Kata Pemulihan Mengubah Segalanya.
Ia menegaskan pelaku pelanggaran laut, bukan hanya harus menanggung akibat hukumnya, tetapi juga memikul tanggung jawab moral untuk memperbaiki dampak perbuatannya.
Korporasi yang merusak laut harus memulihkan ekosistem, kapal asing yang mencuri ikan harus mengganti kerugian negara, sementara nelayan kecil yang tersesat di perbatasan harus dibimbing, bukan dihukum.
Hukum yang memulihkan adalah hukum yang melihat manusia bukan sebagai objek, melainkan sebagai bagian dari solusi. Ia menghukum tanpa mencabut harapan, menegakkan aturan tanpa mengabaikan nurani.
Lex Specialis yang Beriringan, Bukan Bertentangan
Sebagai lex specialis, UU Perikanan tetap memiliki tempat penting. Ia menjadi penjaga sektor kelautan yang spesifik dan kompleks.
Namun, dalam semangat rekodifikasi hukum pidana nasional, undang-undang khusus ini perlu bergerak seiring dengan ruh KUHP baru, bukan saling menegasikan, melainkan saling memperkuat.
Asas lex specialis derogat legi generali tidak lagi dimaknai sebagai “yang khusus menyingkirkan yang umum”, tetapi sebagai “yang khusus harus berjalan harmonis dengan nilai umum keadilan.”
Artinya, UU Perikanan dapat tetap menindak pelaku illegal fishing secara tegas, tetapi harus dilakukan dengan mempertimbangkan prinsip kemanusiaan dan proporsionalitas.
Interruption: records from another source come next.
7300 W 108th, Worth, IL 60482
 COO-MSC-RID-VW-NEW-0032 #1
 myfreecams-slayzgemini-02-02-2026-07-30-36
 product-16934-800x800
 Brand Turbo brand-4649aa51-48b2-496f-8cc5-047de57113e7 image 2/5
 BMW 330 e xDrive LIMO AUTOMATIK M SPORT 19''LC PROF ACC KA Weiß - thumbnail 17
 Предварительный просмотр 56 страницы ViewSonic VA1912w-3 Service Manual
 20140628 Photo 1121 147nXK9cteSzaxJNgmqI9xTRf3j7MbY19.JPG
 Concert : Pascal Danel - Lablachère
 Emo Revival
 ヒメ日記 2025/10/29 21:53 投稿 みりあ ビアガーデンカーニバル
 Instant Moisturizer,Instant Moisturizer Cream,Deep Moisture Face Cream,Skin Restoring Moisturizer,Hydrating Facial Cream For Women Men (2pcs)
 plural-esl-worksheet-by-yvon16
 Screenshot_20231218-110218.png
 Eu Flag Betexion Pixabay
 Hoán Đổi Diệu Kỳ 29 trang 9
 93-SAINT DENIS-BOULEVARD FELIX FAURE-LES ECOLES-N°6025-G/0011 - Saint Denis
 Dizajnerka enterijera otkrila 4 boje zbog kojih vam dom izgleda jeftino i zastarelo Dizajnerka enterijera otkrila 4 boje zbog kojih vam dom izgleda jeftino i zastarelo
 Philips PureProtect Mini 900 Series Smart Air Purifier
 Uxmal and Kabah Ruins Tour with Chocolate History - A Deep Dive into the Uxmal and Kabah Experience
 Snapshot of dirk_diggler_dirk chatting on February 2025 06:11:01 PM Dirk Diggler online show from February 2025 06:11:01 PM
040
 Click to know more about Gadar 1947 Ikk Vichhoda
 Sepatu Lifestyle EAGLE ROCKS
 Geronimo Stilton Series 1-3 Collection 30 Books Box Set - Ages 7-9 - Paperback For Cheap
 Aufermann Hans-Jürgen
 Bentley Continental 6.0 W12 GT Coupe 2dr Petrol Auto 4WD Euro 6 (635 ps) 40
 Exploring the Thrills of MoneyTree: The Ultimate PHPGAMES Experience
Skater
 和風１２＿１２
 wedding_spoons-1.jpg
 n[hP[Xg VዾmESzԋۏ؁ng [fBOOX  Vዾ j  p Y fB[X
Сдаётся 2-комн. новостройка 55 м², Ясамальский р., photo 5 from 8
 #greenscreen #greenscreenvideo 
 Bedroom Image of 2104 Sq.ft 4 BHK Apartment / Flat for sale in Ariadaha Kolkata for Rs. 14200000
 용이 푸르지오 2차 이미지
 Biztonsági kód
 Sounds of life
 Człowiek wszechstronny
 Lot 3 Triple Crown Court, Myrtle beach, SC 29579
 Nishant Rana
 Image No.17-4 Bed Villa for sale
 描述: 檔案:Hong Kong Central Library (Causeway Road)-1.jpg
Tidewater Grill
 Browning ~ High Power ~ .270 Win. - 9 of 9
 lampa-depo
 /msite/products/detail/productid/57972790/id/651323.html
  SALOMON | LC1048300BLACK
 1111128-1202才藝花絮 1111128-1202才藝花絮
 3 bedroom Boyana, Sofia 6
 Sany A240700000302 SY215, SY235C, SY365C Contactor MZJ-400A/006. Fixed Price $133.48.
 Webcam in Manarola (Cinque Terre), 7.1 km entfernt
Nelayan kecil tidak boleh dipenjara karena ketidaktahuan, sementara korporasi besar tidak bisa bersembunyi di balik izin yang disalahgunakan. Keadilan tidak hanya diukur dari beratnya pasal, tetapi dari keberpihakan pada kebenaran dan kemanusiaan.
Keadilan Ekologis: Hukum yang Melindungi Laut dan Manusia
Hukum pidana laut yang modern tidak cukup hanya menegakkan kedaulatan, tetapi juga harus menjaga keberlanjutan. Keadilan ekologis menuntut agar penegakan hukum berorientasi pada pemulihan alam dan perlindungan masyarakat pesisir.
Dengan pendekatan restorative justice, hakim, jaksa, dan penyidik diajak untuk melihat lebih dalam dari sekadar pelanggaran formal.
Apakah laut dirusak karena keserakahan, atau karena kemiskinan?
Apakah pelanggaran terjadi karena kesengajaan, atau karena sistem yang tidak berpihak pada rakyat kecil?
Pertanyaan-pertanyaan ini, bukan untuk menghapus kesalahan, tetapi untuk memastikan bahwa setiap keputusan hukum membawa kemanfaatan sosial dan ekologis yang nyata.
Menemukan Nurani di Tengah Gelombang
Pada akhirnya, hukum di laut bukan hanya tentang menjaga wilayah, tetapi tentang menjaga kehidupan.
Harmonisasi antara UU Perikanan dan KUHP Nasional adalah panggilan untuk membangun hukum yang tidak kehilangan sisi kemanusiaannya, melainkan hukum yang berani menegakkan keadilan tanpa kehilangan kasih sayang.
Kita memerlukan aparat penegak hukum yang tegas sekaligus arif, yang mampu membedakan antara kesalahan dan penderitaan, serta melihat laut bukan sebagai objek kekuasaan, tetapi sebagai bagian dari kehidupan bersama.
Hal ini, dikarenakan keadilan sejati, sebagaimana laut yang luas dan dalam, hanya dapat dijaga oleh hati yang tenang dan nurani jernih.
Dan di situlah hukum menemukan makna sejatinya, bukan sekadar alat untuk menghukum, tetapi jembatan menuju kehidupan yang lebih adil, manusiawi, dan berkelanjutan.